The 2024 Southern Ute Gasoline Spill (also known as La Plata County gasoline spill incident) occurred on December 5, 2024, when approximately 97,000 gallons (544 barrels) of refined, unleaded gasoline leaked from an underground pipeline owned by Enterprise Products on the Florida Mesa in La Plata County, Colorado. It is the largest gasoline spill in Colorado since 2019.

== Spill ==
The spill took place on fee land located within the boundaries of the Southern Ute Indian Tribe reservation. It resulted in the contamination of dirt and drinking water wells. Enterprise paid for some residents to be temporarily relocated due to the contamination, but did not reveal what led to the spill and refused to answer questions from the press. The spill originated from a section of Enterprise Products' Mid-America Pipeline System, which runs from Hobbs, New Mexico, north through New Mexico, Colorado, Utah, and Wyoming.
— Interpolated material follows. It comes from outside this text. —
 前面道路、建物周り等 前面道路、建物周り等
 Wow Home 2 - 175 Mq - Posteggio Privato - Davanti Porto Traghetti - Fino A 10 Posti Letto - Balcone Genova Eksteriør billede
The pipeline was constructed in the 1980s but the project to convert it to carry refined gasoline was completed in 2024. Enterprise had SCADA and computational pipeline monitoring leak detection systems in place, which were operational, but neither system detected the leak. Industry experts stated it was normal for these system to fail to detect a leak of this size. Instead, the leak was reported by a neighbor and the pipeline was manually shut down 26 minutes later. Originally, Enterprise estimated 22,900 gallons of gasoline was spilled. However they updated their estimate to 97,000 gallons after cleaning up 20,000 gallons. This is the largest spill since Colorado began tracking their size in 2016.

Rainbow Springs Trout Farm, located a few miles from the spill site, reported an unprecedented die-off of approximately 80,000 trout fingerlings around December 10, 2024. Samples from the farm's spring did not show contamination at the time they were taken, and Enterprise reportedly refused to compensate for the estimated $100,000 loss.

==Clean up==
Cleanup and remediation efforts are ongoing, primarily conducted by Enterprise Products under the oversight of Colorado Department of Public Health and Environment (CDPHE). However, Southern Ute Chairman Melvin Baker said that Enterprise is not acting swiftly enough. He pointed out that CDPHE did not send anyone to inspect the site until May 1, 2025. He emphasized how Enterprise's focus on addressing immediate property damage contrasted with the Tribe's perspective as stewards of the land; damages to wildlife and vegetation represent long-lasting impacts not being fully accounted for or respected by Enterprise. CDPHE expects that responding to the spill will take years. By the end of August 20,000 gallons had been recovered. The federal Environmental Protection Agency began joint monitoring of the clean up in 2025.